小此木氏出馬で「賛成派」が漁夫の利!? 横浜市長選「カジノを巡る」暑い夏 (2/2ページ)
「今のところ出馬を表明しているのは、太田正孝氏(現・横浜市議)、藤村晃子氏(動物保護団体代表)、福田峰之氏(元・衆院議員)、山中竹春氏(現・横浜市立大学教授)と小此木氏の5名で、基本的には全員カジノには反対です。一方、林文子・現市長の下では商工会がカジノ誘致で既にそろばんを弾いてしまっています。19年に設立されたIR推進協議会には1万5000社を超える企業が加盟しています。この票は今のところどこにも行きようがなくなっていますからね」(前出・ジャーナリスト)

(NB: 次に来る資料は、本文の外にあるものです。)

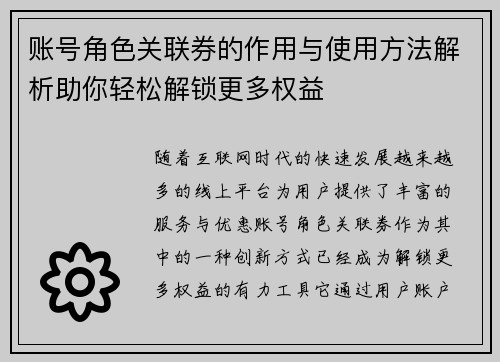 账号角色关联券的作用与使用方法解析助你轻松解锁更多权益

これだけ反対派が入り乱れたら当然票は分散し、むしろカジノ反対派にとっては不利。事実、小此木氏の出馬に地元の自民党横浜市連では支援がまとまっていないと伝えられている。そこへ、そこそこ名前があって地元財界も納得の推進者候補が立てば、賛成票はそちらに一気に流れて頭1つも2つも抜け出るだろう。今のところ福田氏が唯一「財源確保の1つの方法論」としてカジノ誘致に可能性を残している。あるいは元・横浜DeNAベイスターズ社長の池田純氏の擁立も囁かれていて、横浜政界と地元経済界の間では様々な思惑が入り乱れていることだろう。
今年の横浜はとりわけて暑い夏になりそうだ。